Es importante precisar que cualquier Estado Parte, así como el Consejo de Seguridad, pueden remitir la presunta comisión de uno o más crímenes a la competencia de la Corte. También puede hacerlo el Fiscal, actuando de oficio. Asertivamente, el Estatuto prevé –además– que los crímenes de la competencia de la Corte no prescriben.

 

Adoptar las medidas necesarias y razonables para prevenir o reprimir la comisión de crímenes de lesa humanidad es una obligación, en especial para el jefe militar, so pena de ser penalmente responsable por aquellos crímenes que hubieren sido cometidos por fuerzas bajo su mando y control efectivo, o su autoridad y control efectivo, cuando hubiere sabido o hubiere debido saber que las fuerzas estaban cometiendo esos crímenes o se proponían cometerlos. También es su obligación  poner el asunto en conocimiento de las autoridades competentes a los efectos de su investigación y enjuiciamiento. Mayor aún es su responsabilidad cuando deliberadamente hace caso omiso de información que indicase claramente que los subordinados estaban cometiendo esos crímenes o se proponían cometerlos. Ni hablar si la orden de agredir procede directamente de él.

 

En cuanto a los ejecutores materiales, el estatuto es claro al indicar que quien hubiere cometido un crimen de la competencia de la Corte, en cumplimiento de una orden emitida por un gobierno o un superior, sea militar o civil, no será eximido de responsabilidad penal.
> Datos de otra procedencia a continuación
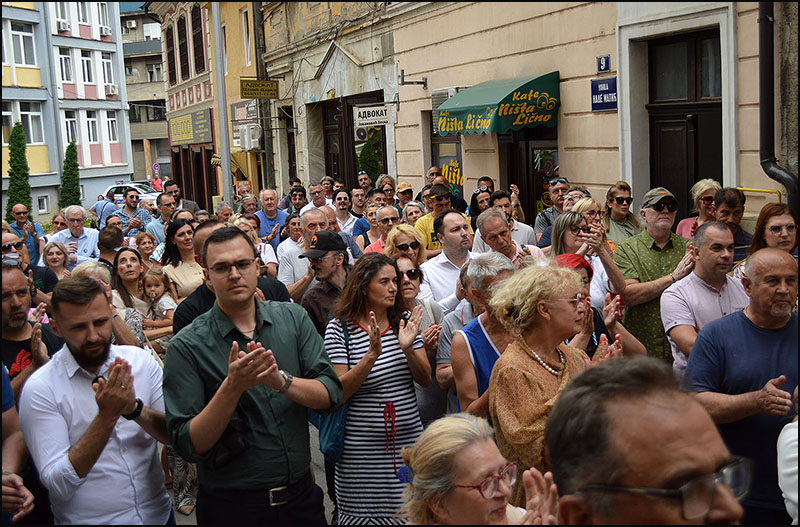 Građani podržali užičke sudije koje su na meti režima i tablioda 1 Skup podrske sudijama Foto Nead Kovacevic 2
Claro está que las órdenes de cometer genocidio o crímenes de lesa humanidad son manifiestamente ilícitas.

 

Si los diversos organismos estatales permiten, silencian y cohabitan con tales hechos, literalmente arrojan al precipicio cualquier vestigio democrático. Tales crímenes estremecen los cimientos de las instituciones, generan dudas sobre la separación de los poderes públicos, cuestionan el estado de derecho. En tal contexto, la ejecución de forma reiterada, y hasta sistemática, de crímenes de lesa humanidad debe ser percibida y calificada abiertamente como una política de un Estado, que, bajo ninguna circunstancia puede considerarse democrático. Cabría preguntarse entonces ¿qué es lo que moviliza puntualmente a un Estado para incurrir en tales prácticas? ¿Motivos pragmáticos o, más bien, perversos?

 

Elynel RomeroLos crímenes de lesa humanidad son aberraciones intolerables, la condena nacional e internacional a los mismos ha de ser inmediata y contundente. Los organismos internacionales deben operar a tiempo, ser efectivos, demostrar que son más que amplias declaraciones de intención, que cumplen un fin, que son funcionales y no meros mecanismos internacionales, burocráticos e ineficientes.

 

Muy mal precedente constituye la dilación o ausencia de pronunciamiento sobre estos casos, lo cual es equivalente a gritar al mundo que la impunidad es la norma. El clamor debe ser contundente: no se toleran los crímenes de lesa humanidad bajo ningún contexto, no se justifican, no se exculpan. Los Derechos Humanos son inalienables, no se negocian, no se administran, no responden a ideología, ellos son sagrados, y pertenecen a todos y cada uno de nosotros, indistintamente de si hoy somos agredidos o no, después de todo y eventualmente “el represor” puede terminar siendo “el perseguido”.